# First buck with a Bow...



## tommy (Sep 10, 2009)

[attachment=3:2yud0t5s]Buck2.jpg[/attachment:2yud0t5s]I have a similar post as "havnfun". I've read posts but never joined. I was talked into bow hunting for the first time last year (I usually do the muzzleloader) and shot a nice 5 point bull. This year I was able to get a nice buck. Guess it was too good for me not to join and post.


----------



## tuffluckdriller (May 27, 2009)

NICE! Good Job!


----------



## hawkeye (Feb 18, 2008)

Let's hear the story.


----------



## fixed blade XC-3 (Sep 11, 2007)

Awesome. Guess it's already that time of year, completely polished.


----------



## tommy (Sep 10, 2009)

The story? Kind of ashamed to say... My buddy in the picture spotted three bucks feeding. We were mainly hunting for bulls but I also had my buck tag. He had already filled his archery buck tag so he walked up out of the way so he could watch where they go if I miss. I only thought he was 26" or so. There was another three point comparable in size along with a small two point. The two and three were not cautious at all but this one kept looking down towards me. I knew I had positioned myself correctly with the wind but they were still 150+ yards off. I they fed right down towards me but the four point kept stopping and looking at me. I was on my back behind some fallen timber and as they approached and decided to draw my bow while still concealed. Had to wait the set up until they three point fed behind some trees. As I picked my line (thick timber) and went to position myself my arm strength gave out. It had been a couple of minutes at full draw before I could move. The bow pulled forward and it caused the buck to turn and look right at me. After a long stand off he decided to take a couple more steps. This helped me get back to full draw. There was a small opening through the trees that he hesitated to push through. Luckily he took the steps but went quickly through it. I had the opening lined up but failed to follow the moving buck. As his vitals passed through my line I released. Problem is it was around 40 yards and he jumped my string. It ended up being a gut shot. I lost the blood trail but found him still running around just before dark. The next morning we spread out where I saw him the night before. My buddy found blood and 20 feet further there he was. Must have died that night. That's when I realized how big he really was!


----------



## bigbuck81 (Oct 10, 2007)

Great story! Nobody is perfect! Welcome to the forum!


----------



## Treehugnhuntr (Sep 7, 2007)

Wow, nice buck indeed.


----------



## wyogoob (Sep 7, 2007)

bigbuck81 said:


> .....................Nobody is perfect!.............

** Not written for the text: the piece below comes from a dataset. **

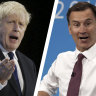 Boris Johnson v Jeremy Hunt for leadership of Conservative Party, UK prime ministership.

Whoa now! Evidently you haven't met any of us *moderators.*



Great buck, nice story.


----------



## dkhntrdstn (Sep 7, 2007)

awesome buck there.congrats.


----------



## Riverrat77 (Sep 7, 2007)

Thats a really nice deer, congrats.


----------



## havnfun (Dec 3, 2007)

Sweet ! congrats.


----------



## katorade (Sep 23, 2007)

That'ss a good buck in most peoples standards anywhere.
Nice


----------



## Raptorman (Aug 18, 2009)

Very Very nice. Sounds like a nice couple of first years with a bow


----------



## lehi (Sep 13, 2007)

Wow great deer and nice story!


----------



## Poo Pie (Nov 23, 2007)

Hell ya!!!! hard horned to boot!


----------



## torowy (Jun 19, 2008)

great buck


----------